Smart camouflage (MGS4 OctoCamo? =P ) gathers visual information about the surrounding environment and replicates it on the surface of the armour at the users desire allowing for highly accurate representations and efficient hiding!

...I think I've covered everything there?... =P

So onto Maya!

After showing Josh my first designs, we talked about altering them when moving into 3D in order to make best use of the screen size that they would be showed on. Obviously if I were making a game that was going to be played on a 50-inch HDTV, I would be trying to make the models as accurate and close to the concept drawings as possible, but since they are going to be displayed on a 4 inch PSP screen I will have to adjust them accordingly to make the most important parts more visible.

Also, I've got to keep the poly count down to a minimum and this has been my first real challenge using Maya.
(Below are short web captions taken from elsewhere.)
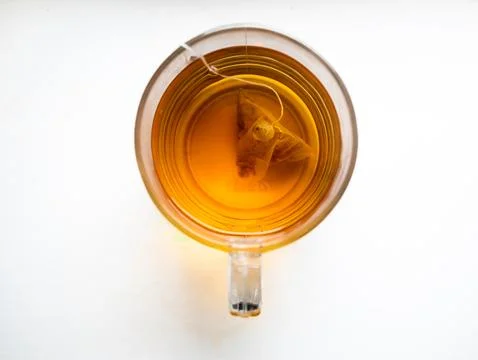 A cup of tea with a tea bag in it Stock Photos
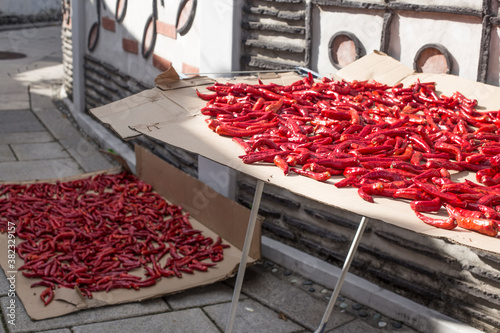 Drying hot peppers on the road. dry chilli under the sun. photo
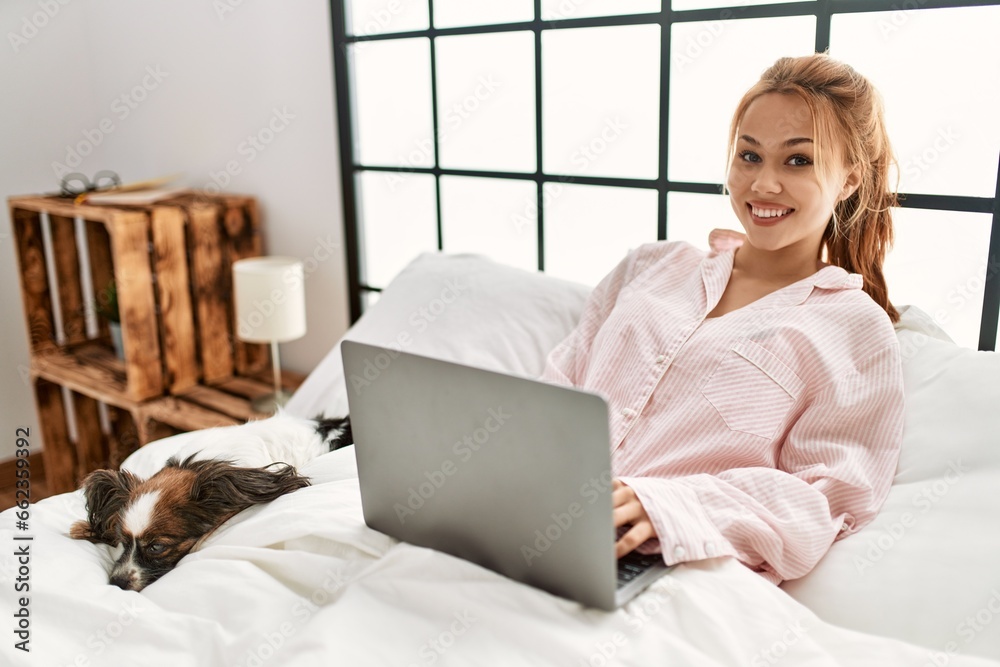 Young caucasian woman using laptop sitting on bed with dog at bedroom Young caucasian woman using laptop sitting on bed with dog at bedroom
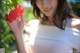 A woman holding a red flower in her hand.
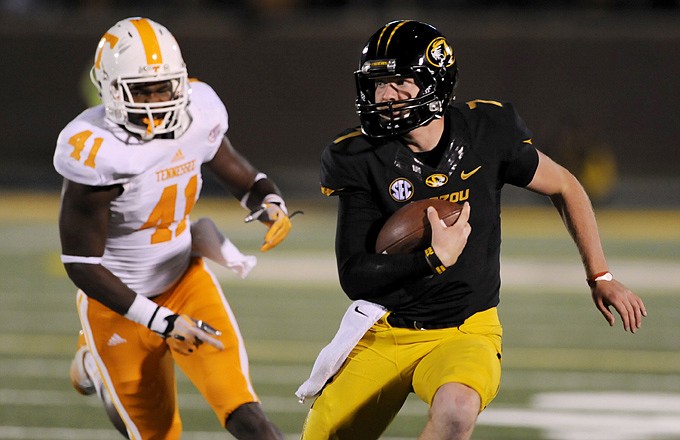 Missouri quarterback Maty Mauk eludes Tennessee linebacker Dontavis Sapp on a 19-yard gain during the first half of Saturday night's game at Faurot Field.
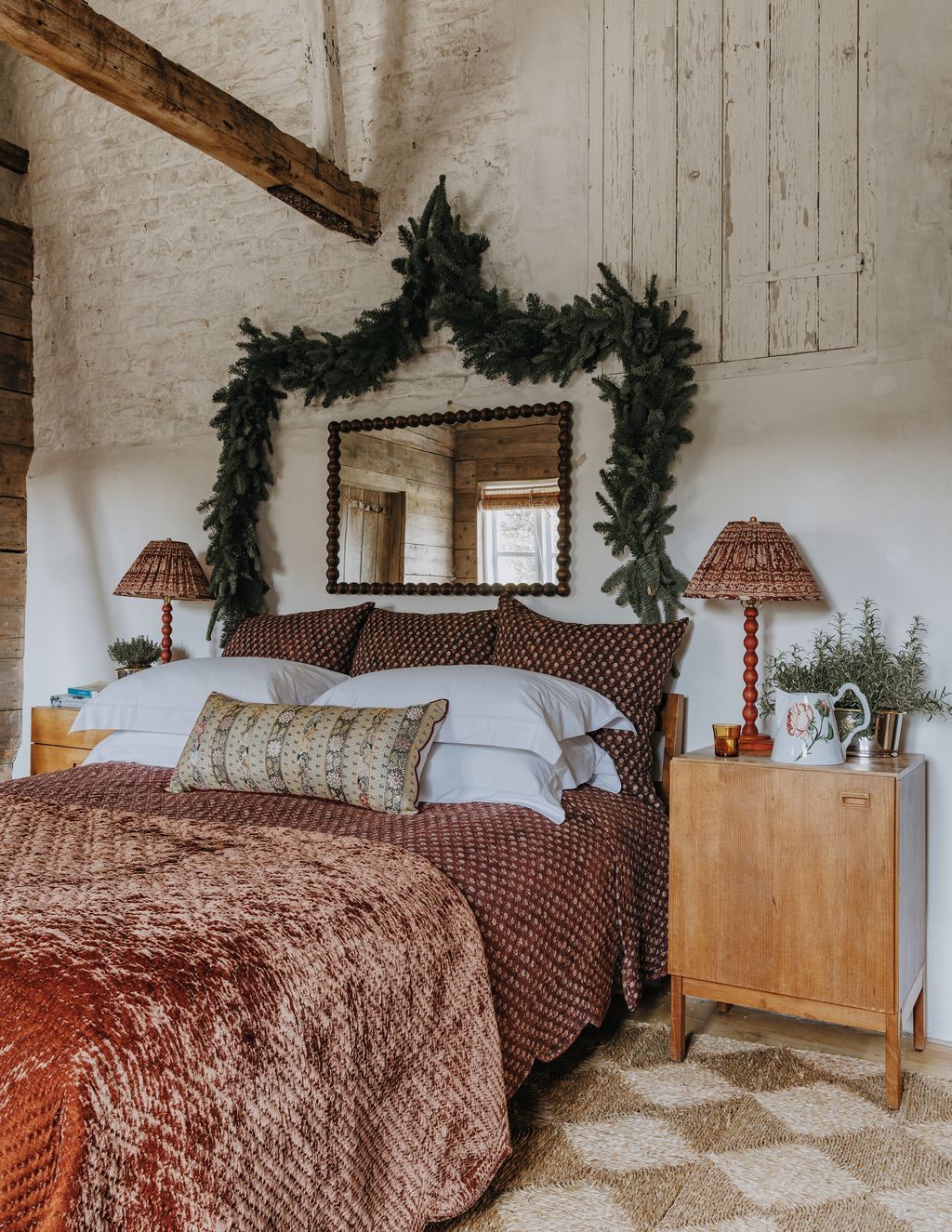 We adore the way that swags of foliage have been used to create the illusion of a headboard in Amanda Brooks' guest...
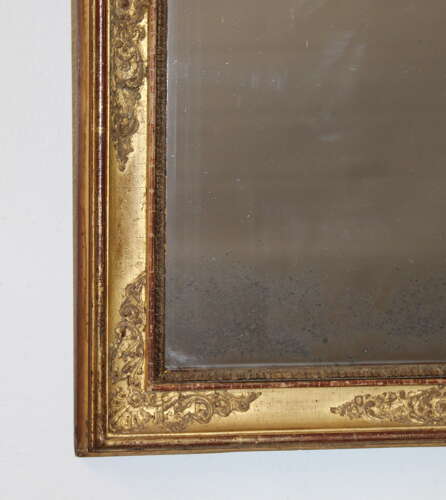 Small antique French gilt mirror with decorative frame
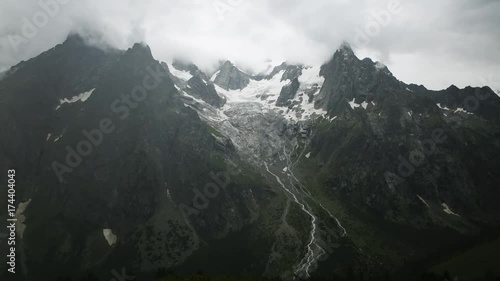 Timelapse: Clouds and storm move in to the mountains of the Alps across the valley from the Walter Bonatti Hut and refugio in Italy. Tour du Mont Blanc. photo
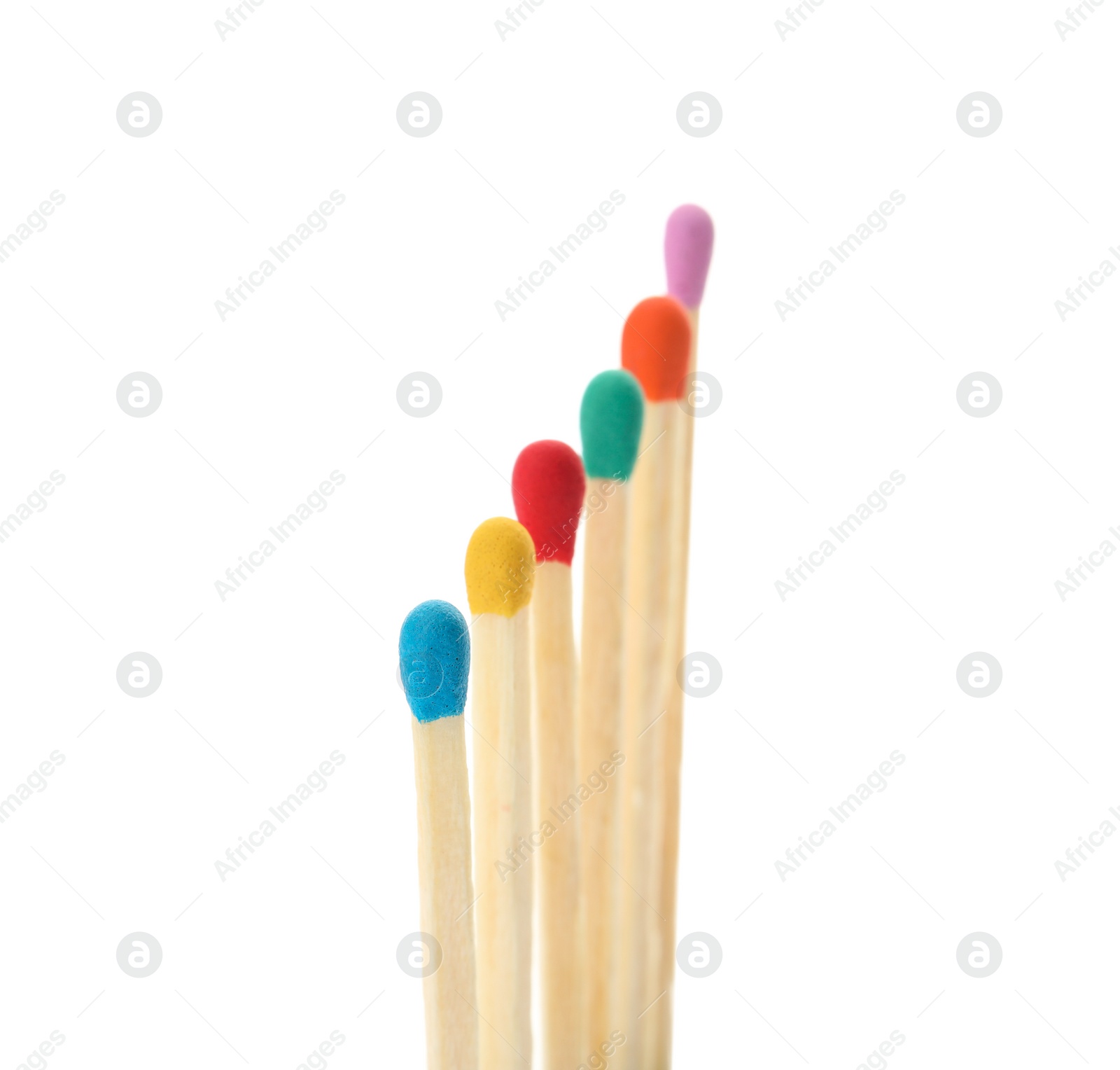 Photo of Matches with colorful heads on white background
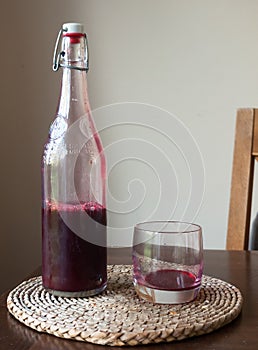 Red liquid glass bottle table fresh wild wine ruby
You would think it would be easier to make a simple blocky model but I personally found it instinctual to try and include ALL the detail and so ironing out all those curvy edges and protruding shapes has been quite a challenge. Since these guys are gonna be pretty tiny on the screen, I bulked them out a little and made sure both the back and the shoulders have quite large surface areas which I can draw detail into when I texture them. Other than that, it's been pretty much the standard arms, legs and head. Maybe when I move onto Zbrush I can think about modelling individual zips, scratches in the armour and dust on the visor =P

I also did a vehicle! XD

And if I'm honest, I designed it with the format at the front of my mind and as such it is a fairly simple shape. Although I'm yet to name it, this Tank/Bike is the personal one-man ride for these soldiers and would be used in game to cover huge open areas and reach lurking enemies. As mentioned in my last post, I still have this vision of being able to bring down such creatures with ropes ala Star Wars snow speeders.

As far as modelling was concerned I was lucky enough to have Kaile explain how to project my concepts onto flat surfaces and then build them to the exact specifications which really helped as this did actually turn out to be quite an odd shape to model. The main body is pretty much just a block, but I wanted the wheels to be able to rotate and the back legs to be hinged. Josh also suggested animating the 'ears' in order to enhance the feeling of speed while driving.

Here I had a quick go at an environmental texture. Very simple flat square with some nice painting and grass/sand texture overlays. I've photoshopped it onto a lovely picture of a PSP GO and stuck the render of the unfinished soldier in too, to give an idea of what I'm aiming to show in April. Hopefully I can get a couple of animated soldier and a Vehicle navigating one or two small terrains and possibly display them as videos on an actual PSP!

and finally ...HELP!

I have come to mapping the Bike today and got as far as Planar mapping all the flat surfaces, leaving the wheels till last. I thought it would be a simple case of Cylindrical mapping, but whenever I try, it's projecting on the wrong axis (as shown in the screenshot). I can't seem to be able to find out how to adjust this even though I'm sure it's insanely easy. If anyone can help explain what I'm doing wrong, it would be much appreciated (I have scoured the net too, to no avail!)

Also, The vehicle is actually made up of 9 separate objects which have been parented up and so far I have mapped them all to a single UV map. It has only just occurred to me that when I go to apply the textures, Maya might be expecting me to drop a separate map onto each object - is that right? or can I do it all on one? Gah!

I have begun the process of creating my soldiers skeleton and weighting all the joints but I will leave that for another day and we can all laugh at the no doubt mind-bending results! =S

...until next time...

1 comment:

  1. Looks like I know what I'm doing now~ For mapping the wheel, there are a couple of ways you can do that, cynlindrical or automatic. Both require some snazzy UV editing that I don't think Josh has showed you yet (both involve cutting and sowing UVs). The wheel on the vehicle looks dangerously high poly, for a wheel you could probably lessen the divisions substantially and still hold a nice silhouette at a distance.